Serotonin synthesis was never in peril until recently. For most of our history, carbohydrates have been a staple of our diets, and being told to avoid them would have been as unimaginable as being told to walk on our fingers. Alas, the self-appointed nutrition gurus who are convincing us that the eating of carbohydrates will destroy our bodies, or at the very least, turn us into a human version of Humpty Dumpty, don’t understand that we have to eat carbohydrates if we are going to make serotonin.

When you are awake at 2 a.m. searching the Internet for help with your insomnia, you will come across bland assurances that eating protein will give you the tryptophan you need to make serotonin. To borrow a phrase from the Gershwin’s Porgy and Bess,”… It ain’t necessarily so.”

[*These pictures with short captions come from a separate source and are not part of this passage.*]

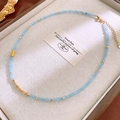 Detail of sky blue crystal beads and gold spacers on an elegant pearl necklace - 1# Blue Cylinder Style
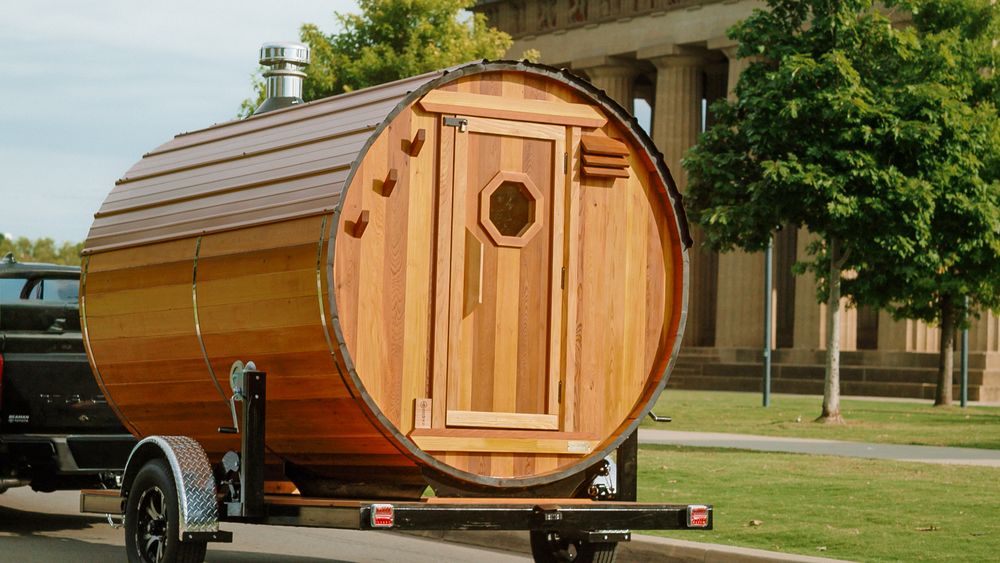 A wooden barrel-shaped sauna trailer with a circular door and copper-toned finish parked on grass near a building.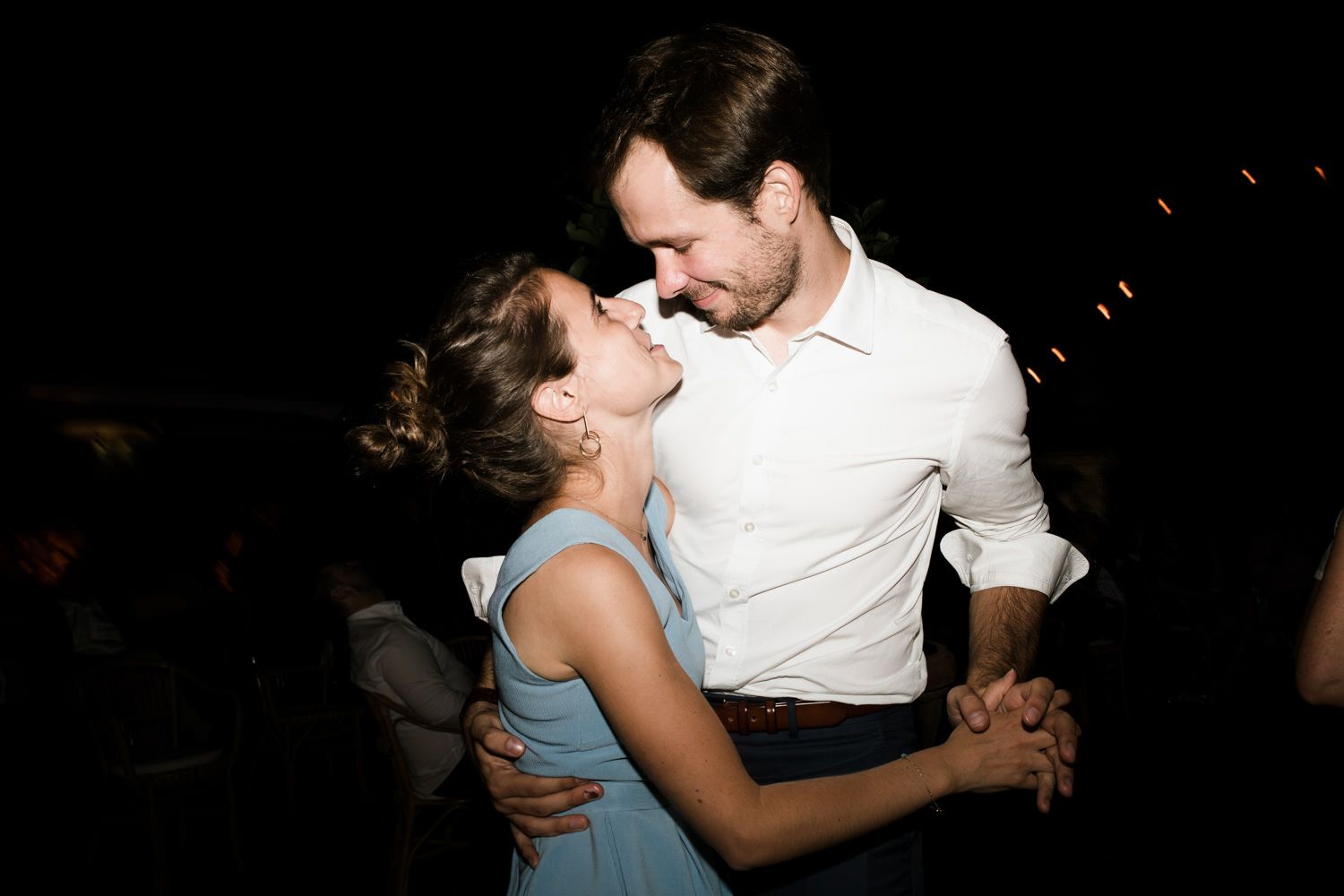 Couples dancing closely together during a romantic slow dance at an evening celebration.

Here are the facts: Eating protein prevents tryptophan from getting into the brain. Eating turkey does not increase the tryptophan in your brain (you are sleepy after the Thanksgiving Day dinner because of the fat you have just eaten). The research evidence conclusively shows that tryptophan is blocked from entering your brain after you eat protein.

So as you lie awake in your dark bedroom wondering whether you will fall asleep before the alarm goes off, contemplate your problem: sleep or a high-protein diet?

But good grief, you will say. If I eat carbohydrates, like the man in that Kafka novel, The Metamorphosis, I will wake up with my body horribly altered? (Kafka’s hero became an insect.) Pounds will attach themselves to my body as I sleep, and I will need a tarpaulin to cover my now-massive body!

Well, yes you might, if you eat croissants, doughnuts, mega-muffins, scones, French fries, potato chips, tortilla chips, baked potatoes leaking butter, and crackers covered with 80 percent fat cheese. Oh, and of course, weight gain is to be expected from consuming too much chocolate, ice cream, cookies, cake, and piecrust. These foods are not just carbohydrates but full of fat, too. And since fat contains more than twice as many calories as carbohydrates, if you eat copious quantities of any high-fat foods, you will gain weight.

But you can get a decent night’s sleep, and leave the tarpaulin outside, if you eat very low-fat or fat-free carbohydrates like 3/4 of a cup of plain Cheerios or Rice Chex, a small bowl of oatmeal, toast with strawberry jam (the sucrose supercedes the trace amount of fructose), or a graham cracker square. Don’t wait until the middle of the night before consuming the carbohydrate. Instead, eat a small, 120-calorie carbohydrate snack twice a day, before or several hours after you eat protein. This will help increase serotonin synthesis before you go to bed. If you have been on a low or no-carbohydrate diet for several weeks, it may take some time to restore your serotonin levels. So don’t worry if you still wake up during the night for a few more days. Eat another small snack. You will be back to sleep in about 20 minutes.

Try this. You have nothing to lose but your insomnia.